(Recorded data)
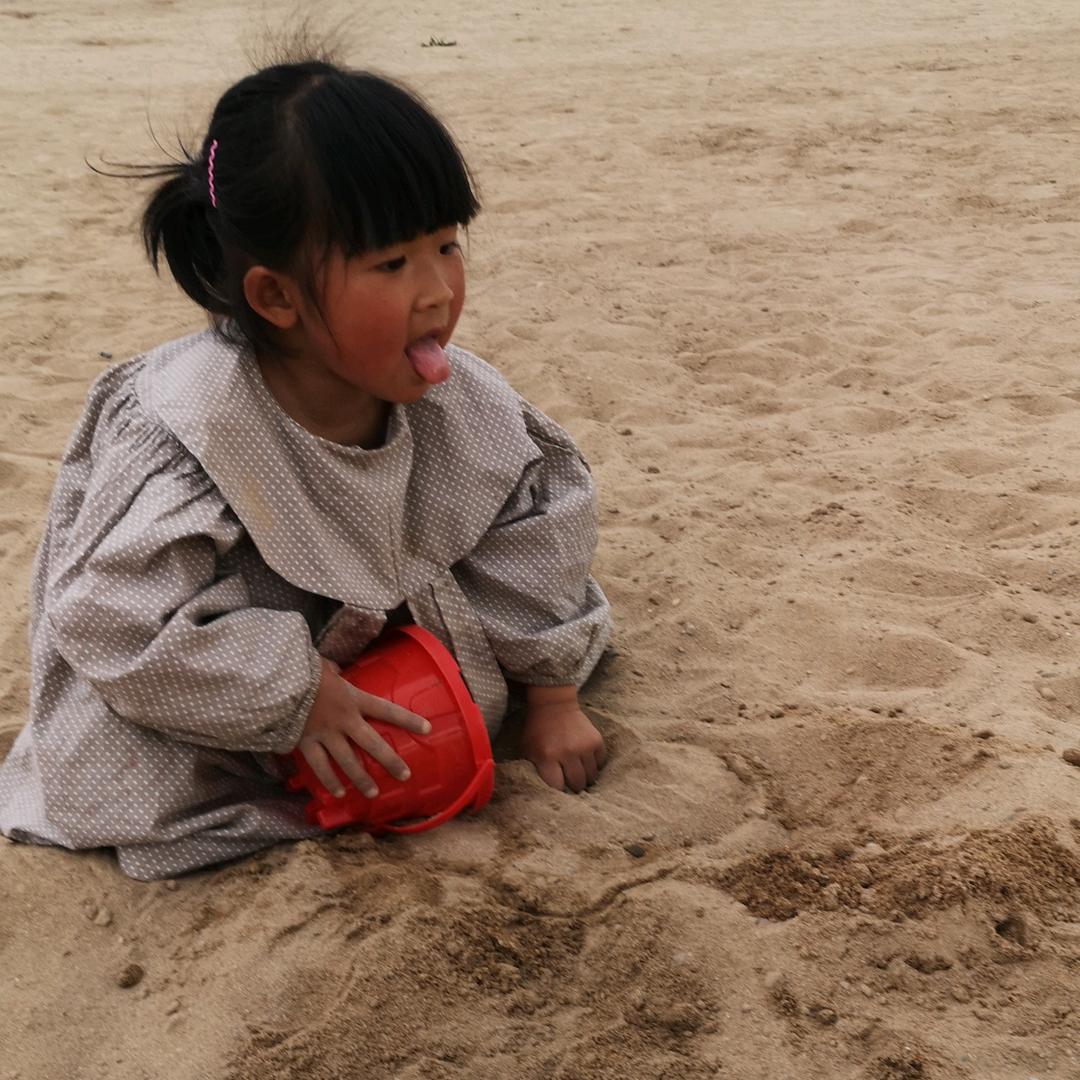 美丽人生🌻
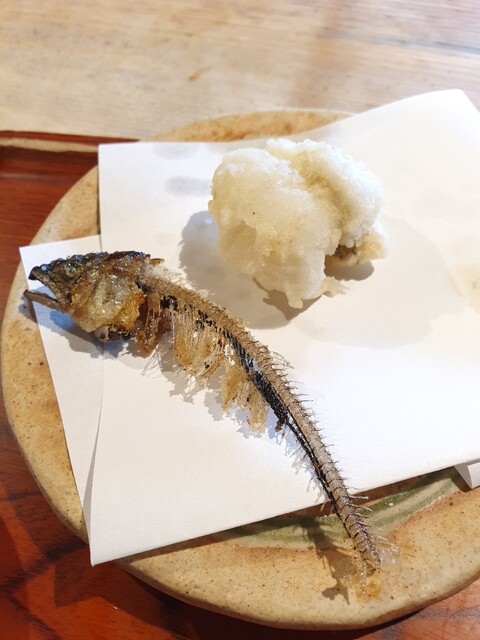 recommendations image for 天ぷら 松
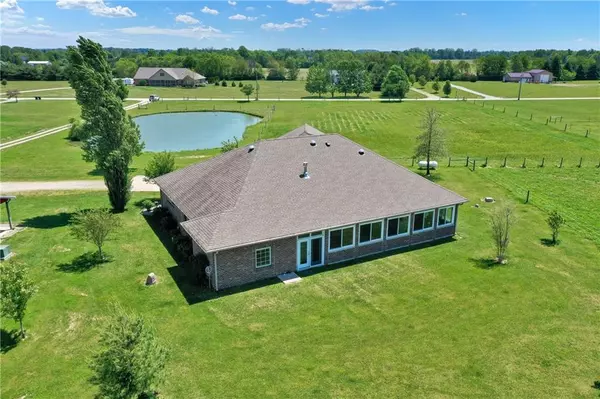 Fairland, IN 46126,7793 N Private Road 435 W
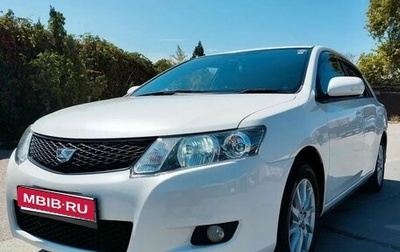 Toyota Allion, 2008 год, 1 100 000 рублей, 1 фотография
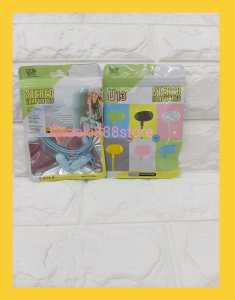 Headset  Macaron U13 + Mic Handsfree Stereo Earphone u-13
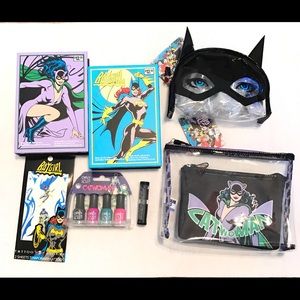 DC Super Hero Makeup set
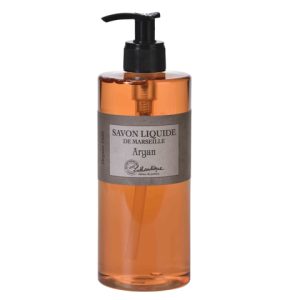 SAPONE DI MARSIGLIA LIQUIDO ARGAN 500 ML (IN ESAURIMENTO)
(End Recorded data)
What you need to do | Please retype the whole of the data precisely, omitting pictures.

Response to this task |
 美丽人生🌻
 recommendations image for 天ぷら 松
 Fairland, IN 46126,7793 N Private Road 435 W
 Toyota Allion, 2008 год, 1 100 000 рублей, 1 фотография
 Headset  Macaron U13 + Mic Handsfree Stereo Earphone u-13
 DC Super Hero Makeup set
 SAPONE DI MARSIGLIA LIQUIDO ARGAN 500 ML (IN ESAURIMENTO)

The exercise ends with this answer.